Phrase grounding data
>>
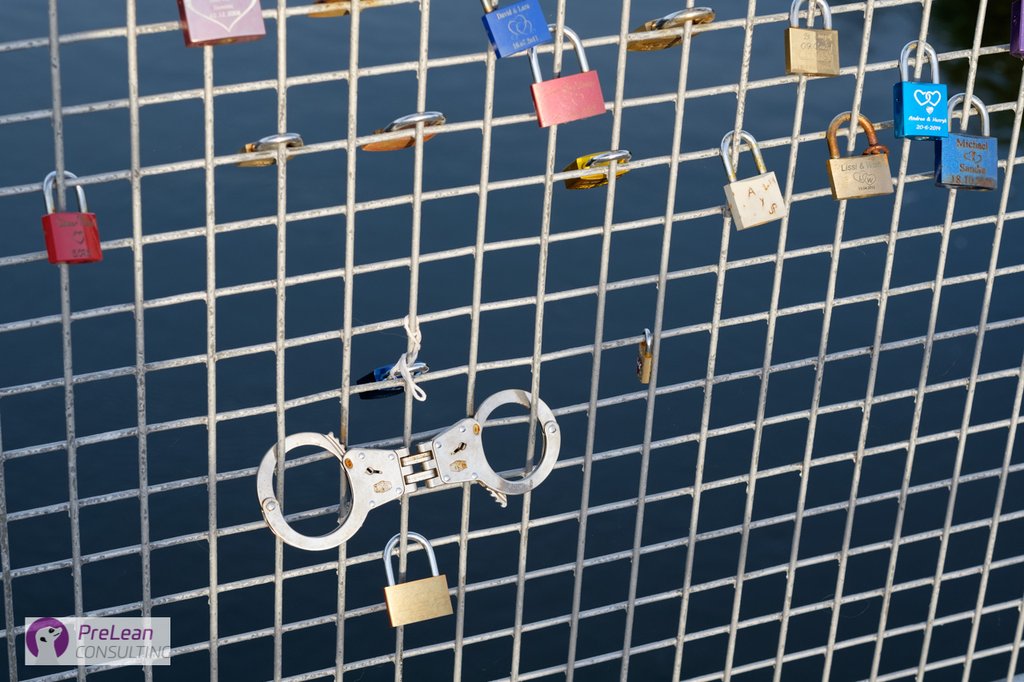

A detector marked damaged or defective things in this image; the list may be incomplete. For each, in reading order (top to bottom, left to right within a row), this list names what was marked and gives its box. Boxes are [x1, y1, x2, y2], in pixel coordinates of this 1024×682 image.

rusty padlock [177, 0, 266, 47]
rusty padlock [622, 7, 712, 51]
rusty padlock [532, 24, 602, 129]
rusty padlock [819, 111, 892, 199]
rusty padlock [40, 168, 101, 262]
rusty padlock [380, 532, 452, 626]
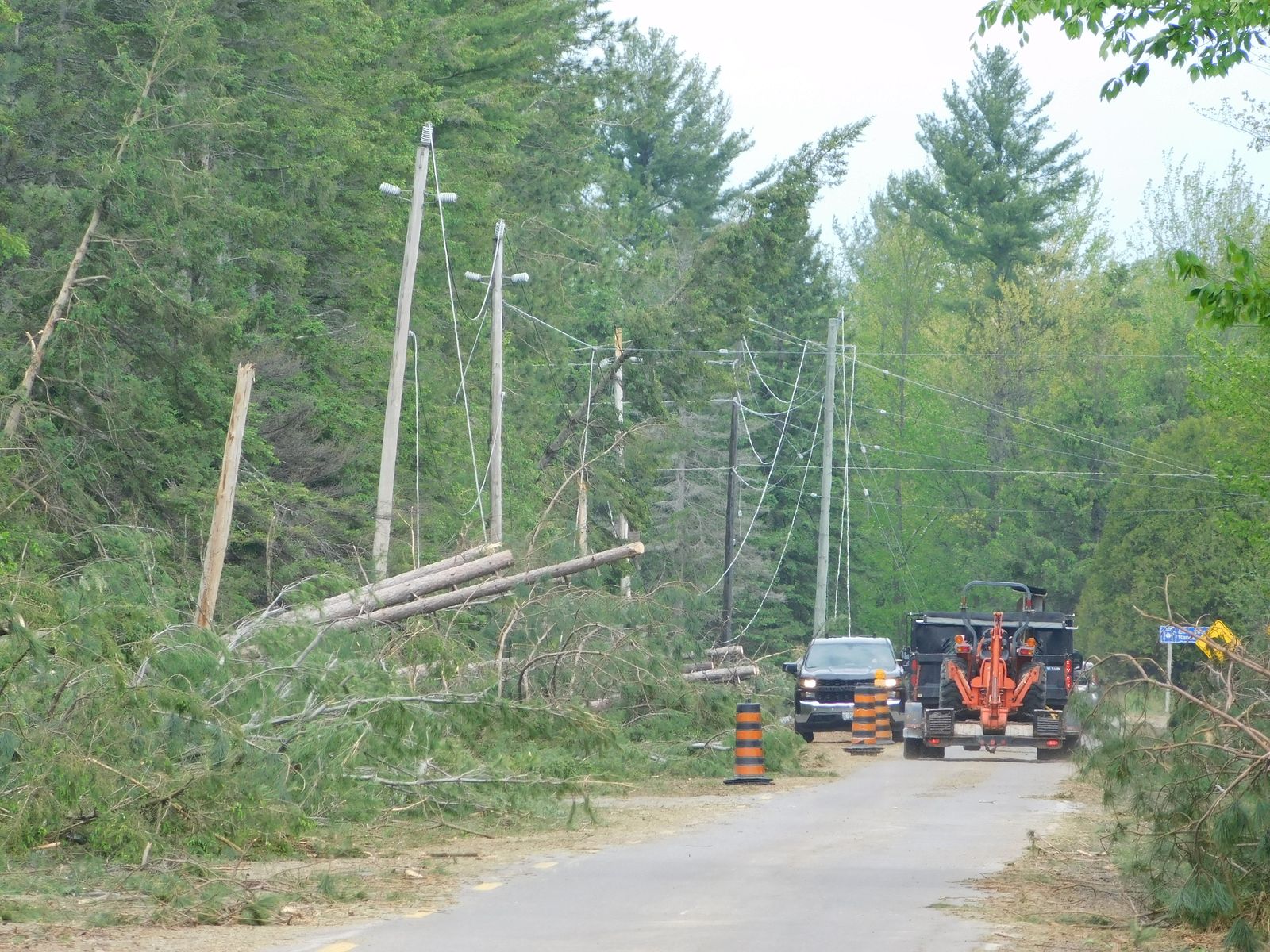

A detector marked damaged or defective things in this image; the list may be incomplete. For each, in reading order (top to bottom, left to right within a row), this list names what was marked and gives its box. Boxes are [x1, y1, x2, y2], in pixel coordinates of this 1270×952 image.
<<
### Work item
None of the pictures belongs in the answer, but all the entries must be repeated exactly.

### Answer to this problem
A detector marked damaged or defective things in this image; the list may be incomplete. For each, in reading order (top to bottom, left to right within a row), this list names what was marked and gives its box. Boxes are [x1, y1, x2, y2], in pixel coordinates of this 1024×682 image.

rusty padlock [177, 0, 266, 47]
rusty padlock [622, 7, 712, 51]
rusty padlock [532, 24, 602, 129]
rusty padlock [819, 111, 892, 199]
rusty padlock [40, 168, 101, 262]
rusty padlock [380, 532, 452, 626]

A detector marked damaged or defective things in this image; the list may be incomplete. For each, in reading order (top to bottom, left to right within a row), this list names what was marked and gives its box. Boxes are [x1, y1, x2, y2], in pixel coordinates of this 1270×952 image.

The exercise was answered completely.